Hemos llegado, por lo tanto, al presupuesto fundamental de la ocurrencia de que no hay nada nuevo bajo el sol. Esta hipótesis es que hay “algo” (usamos intencionadamente esta palabra absolutamente vaga) compartido por todo aquel con quien hablamos. Este diálogo se extiende, a su vez, a los textos escritos, que suponemos llegamos a entender. Por lo tanto, la hipótesis es que podemos llegar a entender a cualquier ser humano. Esta hipótesis, a su vez, se fundamenta sobre la premisa de que toda la humanidad tiene algo común e imperecedero.
Este presupuesto, que es la base de todo proyecto político de carácter universalista, como los Derechos Humanos, suele ser vista como algo positivo. En tanto que todos tenemos una esencia compartida, que se ve impedida o alentada según el uso que hagamos de los objetos circundantes, podemos encontrar la verdad sobre dichos objetos que nos permita desarrollar plenamente dicha esencia y ser, por ende, felices.
Esta idea indemostrable tiene, a pesar de todo, un reverso más amargo, que es el latente en la expresión hebrea del Eclesiastés. Si la esencia humana no cambia, esto implica que da igual los desarrollos objetivos que se produzcan, porque los seres humanos seguirán sufriendo las mismas miserias e infelicidades que han padecido durante toda su historia. Es lo que parece darnos a entender el hecho de que, aun estando rodeados de objetos que nos facilitan la vida, sigamos estando tristes o amargados. Así pues, no queda claro que esta idea deba ser defendida por sus puras consecuencias prácticas.

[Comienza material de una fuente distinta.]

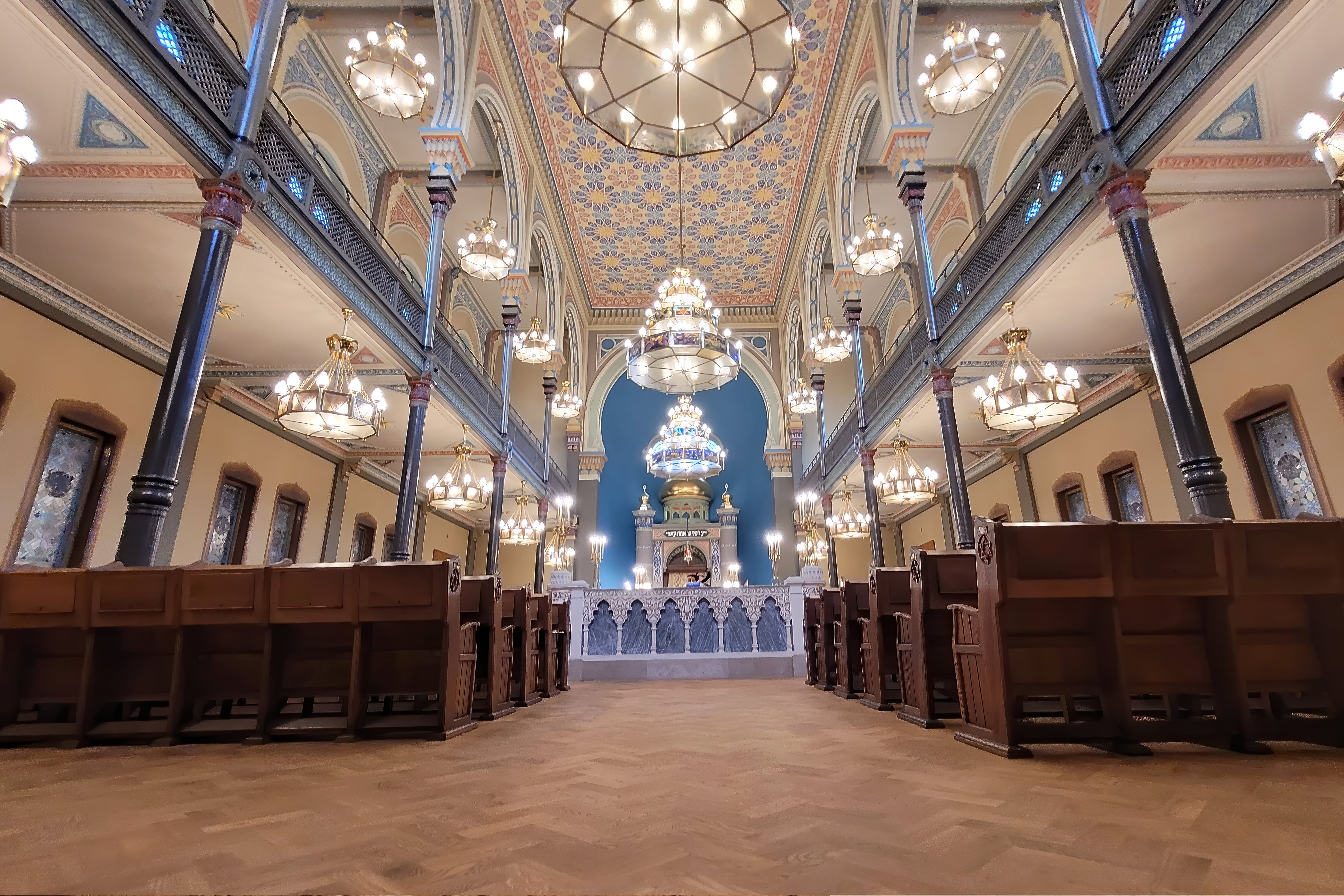 Behandlung von Kiefernholzböden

Empero, toda esta misma digresión que he desarrollado se basa, a su vez, en el presupuesto de que es mejor ser feliz que estar triste, y en el presupuesto mismo de que puedo hablar con alguien. Este hablar supone, simultáneamente, que hablar sirve para algo, que hay un cambio posible a mejor. Es decir, se conjugan en mi discurso, y en cualquier discurso, las dos hipótesis, según la cual el humano tiene futuro y que este futuro es continuación de un tiempo común humano.
Cuando digo que el ser humano tiene futuro, no me refiero a que tiene una duración puramente temporal, sino que posee un desarrollo narrativo; puede cambiar. Si se supone que el cambio no existe, uno debería callar. Además, si se supone que hay un futuro que posiblemente sea mejor, más verdadero, es porque se acepta que hay una verdad que alcanzar.
La constancia del diálogo reside, por lo tanto, en la ambivalente hipótesis de que el ser humano tiene un futuro, justamente, porque cambia y permanece igual.